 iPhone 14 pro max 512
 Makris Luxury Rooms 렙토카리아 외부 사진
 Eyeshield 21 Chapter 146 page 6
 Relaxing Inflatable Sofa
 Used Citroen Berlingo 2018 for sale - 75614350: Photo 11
-.-.-
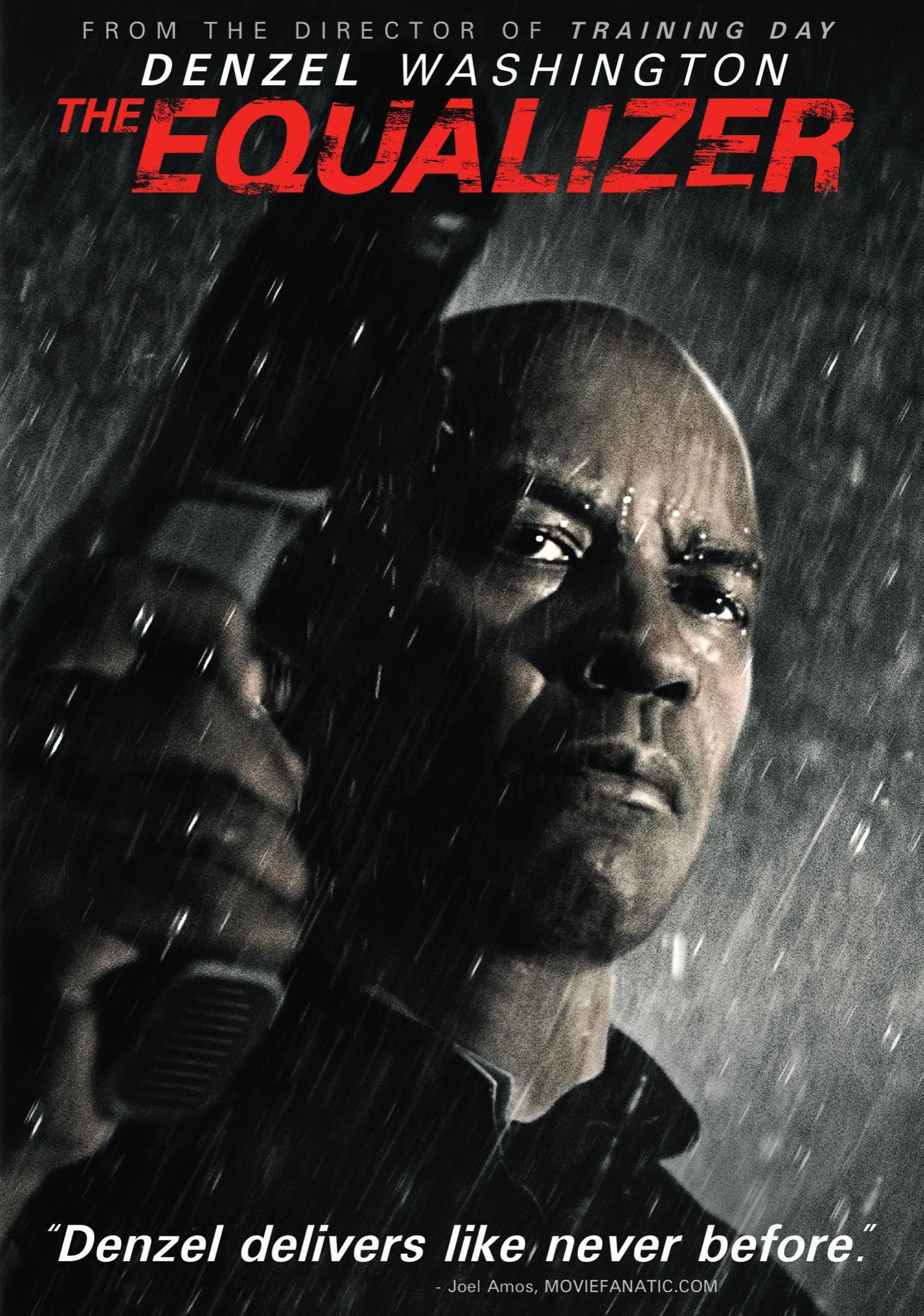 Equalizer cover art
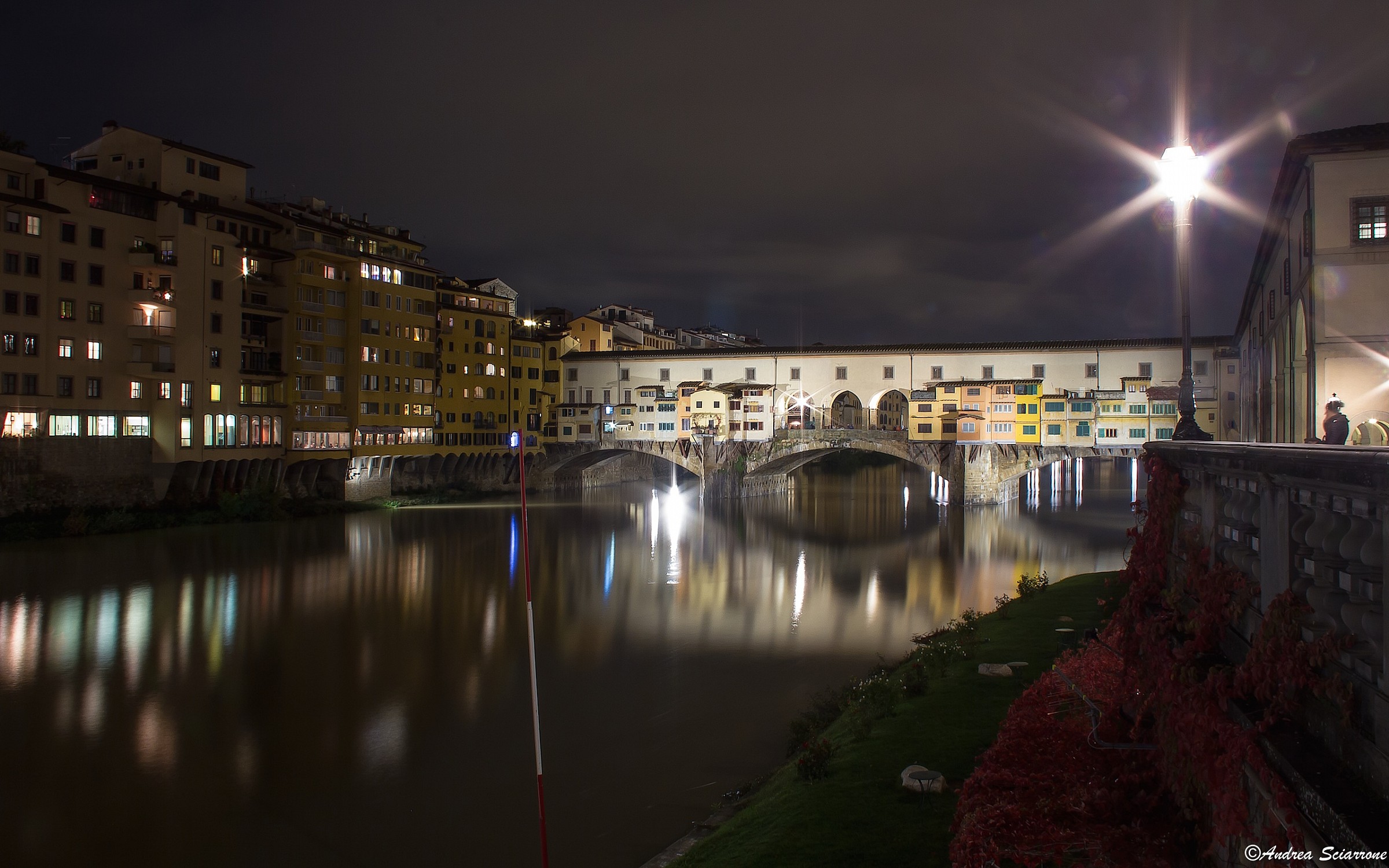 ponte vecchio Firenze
-.-.-
## What to work on
Reproduce the lines of the entries above from the one with "Makris Luxury Rooms 렙토카리아 외부 사진" to the one with "Used Citroen Berlingo", both included, exactly and without any other line.

## The completed task
 Makris Luxury Rooms 렙토카리아 외부 사진
 Eyeshield 21 Chapter 146 page 6
 Relaxing Inflatable Sofa
 Used Citroen Berlingo 2018 for sale - 75614350: Photo 11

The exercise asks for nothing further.